The promiscuity found in the dimer/multimer formations of rCbl is not caused by non-specific interactions, such as random basepairing or electrostatic interactions, which one would otherwise suspect if no direct visual evidence were available. Instead, it is driven by well-known RNA–RNA interaction motifs based on the AFM-derived structural models. Most notable in this case is the KL interaction between L5 and L13 of two molecules, which appears in all but one of the dimer classes observed by AFM (Figs. 2b and 3). Specifically, this interaction drives the formation of the fully-formed (FF), one-leg-out (OLO), and hook (HK) dimers between two P-shape or two candy-shape homo-conformers, and P-Y and P-candy dimers between two hetero-conformers (Fig. 3). The OLO dimer is likely an FF dimer in the process of either forming or dissociating. Investigation of the crystal structure of rCbl26 shows that it may be interpreted as a symmetrical dimer formed through intermolecular KL loop interactions, similar to the dimeric structure reported for aCbl25 (Supplementary Fig. 5). The observation of the OLO dimer provides further evidence supporting the dimerization via the intermolecular KL interaction. Another well-known interaction motif that plays a role in rCbl dimer formation is the tetraloop–minor–groove interaction, as observed in the SS dimer (Fig. 3). Common to all these interactions is the requirement of chemical and structural complementarity between interacting partners. In essence, the RNA–RNA interactions are governed by principles similar to protein–protein interactions, which include complementarity of size, shape, chemical composition, and structure19, 20. The interactions in RNA and proteins differ only in how specificity is achieved. In RNA, both the chemical and structural complementarity among structural elements, such as KLs, tetraloop–minor–groove interactions, and helical stacking, may increase the promiscuity in forming intermolecular architectures. In contrast, hydrophobic contact surfaces aided by electrostatic and polar complementarity may drive intermolecular interactions in proteins.

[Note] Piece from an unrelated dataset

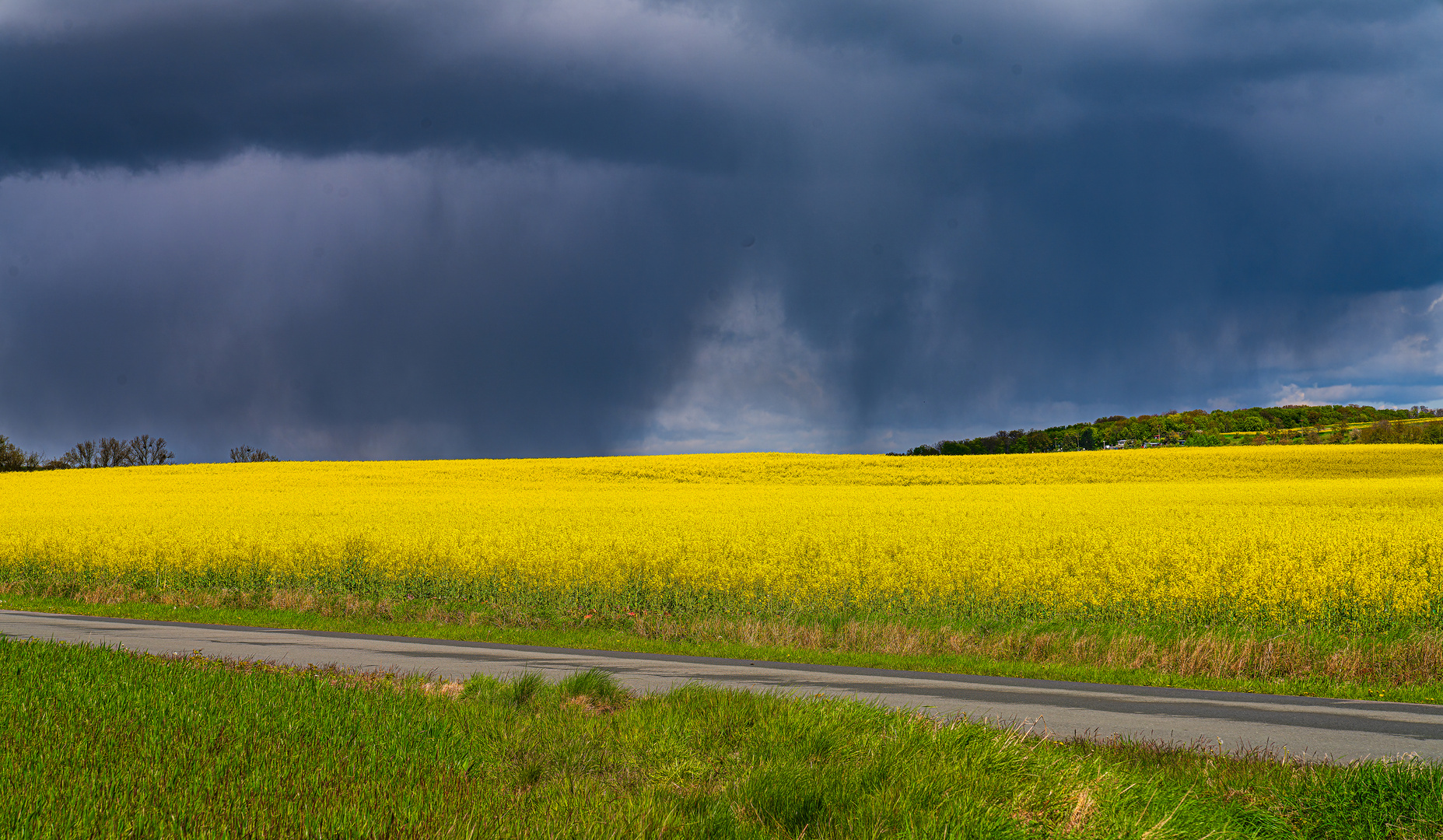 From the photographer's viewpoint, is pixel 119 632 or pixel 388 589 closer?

Ligand-binding-incompetent Y-shape conformers

The topological structures of Y conformers, subclassified as Y1 and Y2 (Fig. 4b), both exhibit extended and partially folded structures lacking the L5/L13 KL interaction, yet with an intact P6 extension. The P6 extension contributes to one leg of the “Y,” while the other two legs could be either P2, P13, or P1 together with P13 (Supplementary Fig. 6). To further investigate the correlation between Y conformers and inactive species, we repeated AFM and ITC analyses for two mutants of rCbl, in which the essential KL interaction is abrogated by deleting P13 (M2) or by replacing L13 with a tetraloop (M3) (Fig. 4b and Supplementary Figs. 6 and 7). As expected, AFM observation of either of these mutants shows >80% Y population, with the remainder of particles resembling P or candy, each at populations <10%, and no dimers (Fig. 4c and Supplementary Fig. 8). M2 Y conformers exhibit a larger mean particle volume, even though both mutant Y conformers have similar particle diameters (Supplementary Fig. 9), suggesting that the P13 deletion results in more extended conformations. This is further supported by the topological structures calculated from representative Y particles of each mutant (Fig. 4b), which show very similar conformations (also similar to non-mutant Y conformers), where the P6 extension constitutes one leg, and the other two legs are comprised of P2 and P4/P5 (M2) or P2 and P13 (M3), respectively (Supplementary Fig. 6). More importantly, as in the case of rCbl, the population of mutant Y conformers does not change in the presence of ligand (Fig. 4c), once again indicating that these Y conformers are a ligand-binding-incompetent species. This is further confirmed by ITC results where M2 and M3 mutants show no AdoCbl binding activity (Fig. 4d and Supplementary Fig. 4c, d). The presence of ligand-binding-incompetent conformers was also reported in a close cousin of rCbl, hydroxocobalamin (HyCbl)-binding riboswitch (env8HyCbl)23.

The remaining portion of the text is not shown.